Building a smarter fire risk model

Once the team settles on an optimal grid size of about 500 meters—fine enough to see neighborhoods but broad enough to filter out random noise—they turn to a statistical model designed for count data, which captures how often fires happen in each grid square. Because some squares see many more fires than others, a simple model would be misleading. Instead, they use a technique called negative binomial regression, which can handle this unevenness while teasing out the influence of each factor. The analysis shows that where people live and how densely they are packed together explain roughly half of the variation in fire risk across the city. Residential land stands out as the strongest predictor, followed by population density, commercial land, and then other built uses; economic output adds a smaller but still meaningful effect.

Figure 2
Figure 2.

A city shaped by the 80/20 rule

When the researchers convert the model’s results into a map, a striking pattern emerges. Only about one fifth of the city’s land area falls into the “medium,” “high,” or “very high” risk categories—but that small share of ground accounts for around four fifths of all recorded fires. In other words, fire risk is highly concentrated in a limited set of hotspots, mainly in dense residential neighborhoods, busy commercial zones, and industrial parks. The rest of the city, while not risk-free, sees far fewer incidents. This echoes the well-known 80/20 rule, where a minority of causes produce the majority of outcomes.
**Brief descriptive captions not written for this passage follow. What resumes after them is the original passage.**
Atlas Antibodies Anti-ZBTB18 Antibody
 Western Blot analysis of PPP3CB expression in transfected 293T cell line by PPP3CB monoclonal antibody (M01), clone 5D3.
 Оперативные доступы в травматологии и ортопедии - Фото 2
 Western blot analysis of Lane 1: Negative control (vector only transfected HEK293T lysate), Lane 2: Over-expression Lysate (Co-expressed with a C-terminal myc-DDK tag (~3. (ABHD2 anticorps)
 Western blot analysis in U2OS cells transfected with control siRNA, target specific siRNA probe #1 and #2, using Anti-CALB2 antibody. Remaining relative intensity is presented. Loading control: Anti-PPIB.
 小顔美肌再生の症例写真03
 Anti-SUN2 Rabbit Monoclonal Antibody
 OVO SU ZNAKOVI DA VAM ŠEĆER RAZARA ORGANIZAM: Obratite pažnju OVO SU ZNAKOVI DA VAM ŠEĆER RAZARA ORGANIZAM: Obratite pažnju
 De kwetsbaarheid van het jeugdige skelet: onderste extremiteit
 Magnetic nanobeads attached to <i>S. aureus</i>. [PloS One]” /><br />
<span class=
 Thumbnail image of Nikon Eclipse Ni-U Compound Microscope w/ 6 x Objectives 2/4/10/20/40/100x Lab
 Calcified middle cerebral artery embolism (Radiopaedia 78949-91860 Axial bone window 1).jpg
How these maps can make cities safer

For non-specialists, the takeaway is simple: city fire risk is not spread evenly like a blanket; it clumps in predictable places shaped by how we build and use urban space. By combining detailed land-use plans with population and economic data, city planners and fire departments can forecast where tomorrow’s fire hotspots will be—even before new neighborhoods are finished. That knowledge can guide where to place new fire stations and hydrants, which buildings need stricter safety checks, and how to design safer, less fire-prone districts from the start. In this way, the study offers a practical roadmap for turning raw fire statistics into targeted, life-saving decisions.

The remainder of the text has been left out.